During my recent vacation travels, I did something I hadn’t taken a lot of time to do recently: listen to some baseball podcasts. I went over to iTunes. I did searches to find podcasts of interest. I also employed my ever reliable Twitter account to note other podcasts that are out there. Being a Texas Rangers fan, I naturally gravitated to finding Rangers-themed podcasts, but I also took the time to download a few touching upon Major League baseball in general. Over the course of flights to and from Austin, Texas and Greenville, South Carolina, I got to sample all that I downloaded. Some I listened to entire episodes, others I sampled enough to know whether the subject matter was right for my interests or not.
Having a radio background over the course of my life, I was interested to discover how technology has allowed all of us to create our own radio programs without benefit of big studios and broadcast towers and what folks without broadcast backgrounds are able to do with that freedom. The results were iffy at best. I’m not going to name names because most podcasts exist as a labor of love for those involved. They aren’t making money for those who record them. On the other hand, podcasts (and blogs for that matter) wouldn’t exist if the people posting them didn’t want them to have listeners.
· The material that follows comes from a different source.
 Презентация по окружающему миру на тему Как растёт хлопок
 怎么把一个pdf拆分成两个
With that in mind, I would like to offer a few pointers for those of you currently posting podcasts and those of you thinking of doing one in the future. I’m not trying to dog on anyone. I want you to know how you can make your podcasts better.
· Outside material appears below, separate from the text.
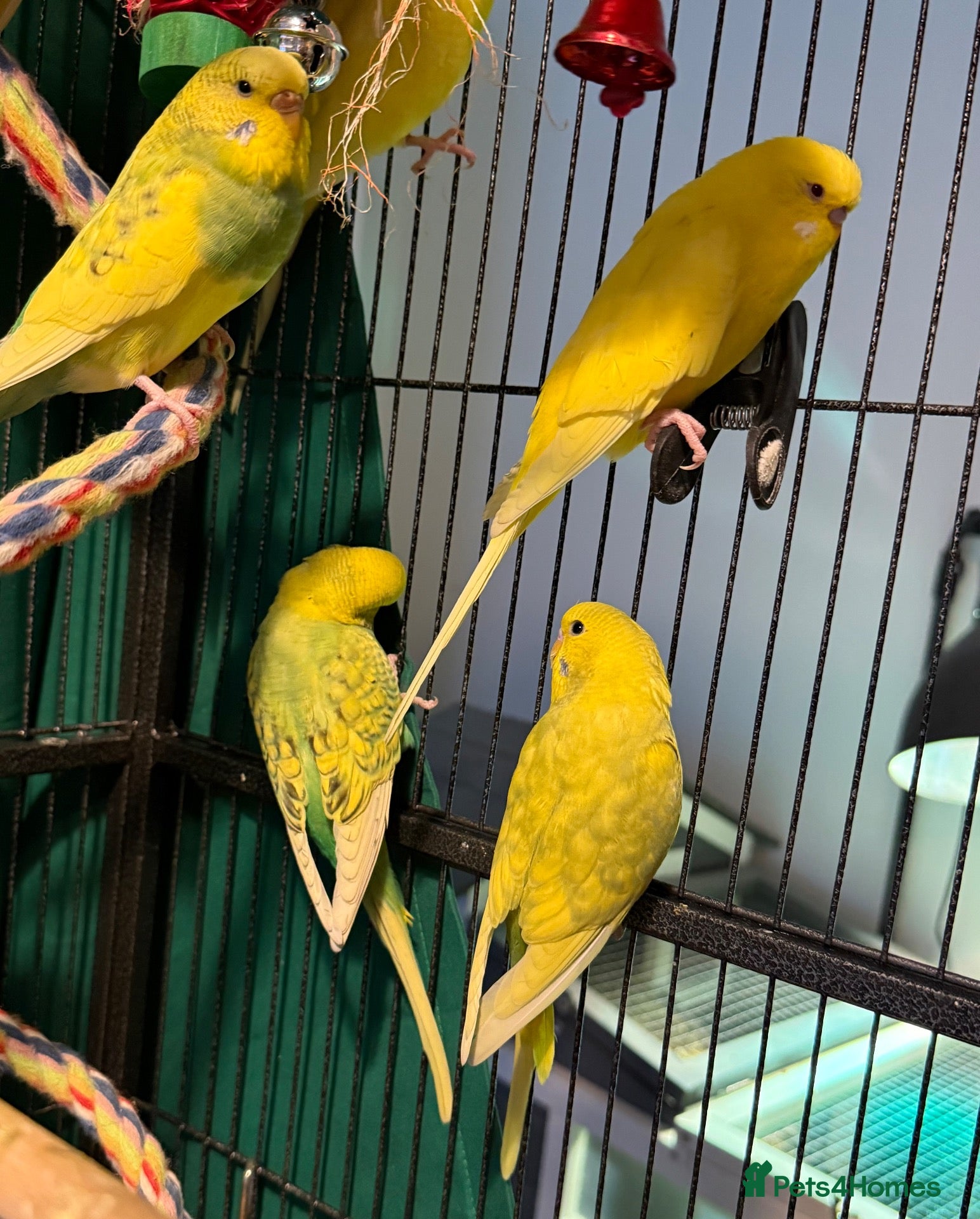 Budgerigars birds Young budgies indoor raised   Runcorn wa7   - Advert 1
This is the biggest one of all. I listened to one podcast whose total running time was an hour and twenty minutes. Think of your listeners. Better yet, think of yourself as a listener. No matter how much you love the subject, when you consider everything out there to read, watch and listen to, would YOU have 80 minutes to spare to add another feature to your plate? Do you even watch a full hour of SportsCenter? Even if you did, would you want to listen to a podcast in which the people involved say something like “Now we’re going to do this, and the reason we want to do this is…” and proceed to waste two minutes explaining their reason. Don’t tell us the reason, JUST DO IT! From everything I listened to, I think a good podcast can be done in 15 minutes. Much longer than that and you’re going to lose listeners, not just for the rest of that podcast but possibly from ever returning to it.
HAVE A PLAN
One of the reasons podcasts tend to drag is the lack of a plan. This is especially true of podcasts involving multiple hosts. I listened to one podcast employing two hosts. Each host had their topic of the day to discuss. The problem was they didn’t discuss their topics with each other before they started recording. They sprung it on each other. Instead of a lot of give and take, what they got was a lot of “Gee, I have to think about this for a while…” followed either by silence or a lot of uhs, ers and stammers as they eventually spit out what they thought. This is not gripping audio, folks, especially when dragged out for 30 minutes or more. The second topic was mercifully shorter, but resulted mostly in a response of “I really don’t like this topic at all.” Figure out what you want to talk about, let your co-host(s) know what it is and decide how much time you want to devote to the subject. Then, when you reach the time limit, stop and move on. Better to leave us wanting more than turning you off because much less was warranted.
HAVE A PERSONALITY
If you’re doing a solo podcast, this is so much more important than if you do one with others. If your podcast has no personality, you will have no audience. I don’t care if you know your subject or your team backwards and forwards and can name every player’s WAR off the top of your head daily, if you deliver it in a monotone, have no sense of humor or nothing different to offer than what anyone else has, you won’t get listeners coming back for more. Well, maybe your friends will listen but after a while, they’ll either want to stop listening or stop being your friend. Besides your subject, what is unique about you? If it’s not you, how can you present your subject in a way that’s different from what anyone else is doing out there? I’m a Texas Rangers fan, but if your podcast is just going to discuss Yu Darvish being on the DL and how you feel about it, you’ve already lost me. I can go to any number of sources online and find out what others think about that. Heck, some of you probably say the same thing about my blog. I get it. It’s not an easy thing to do. But your podcast has to have a personality, something that sets it apart from the others.
NO INSIDE JOKES
When you and your friends get together, you develop a language all your own. You laugh at things that happened to you as a group, things occur that remind you of something else. Do us all a favor. DON’T SHARE IT WITH US! We don’t get it. We never will. We’ll wonder what kind of idiots you are. The only exception to this rule is if the inside jokes arise from things that happened in earlier shows. As you start drawing regular listeners, those listeners will remember previous shows and thus are in on the joke. If it happens outside the recording booth, we don’t need to know about it. EXAMPLE: You and your co-hosts go to the Rangers game. Telling the story about the guy in front of you who screwed up catching the foul ball is OK. Going on to talk about how he reminded you of that time at senior prom when Lester Pinhead spilled the punch on his date, you all laughed and then your dates got all mad at you for laughing at poor Lester? We don’t care. We don’t know Lester Pinhead, his date or your dates and now you’ve gotten off the topic of baseball, which is the reason we’re listening in the first place.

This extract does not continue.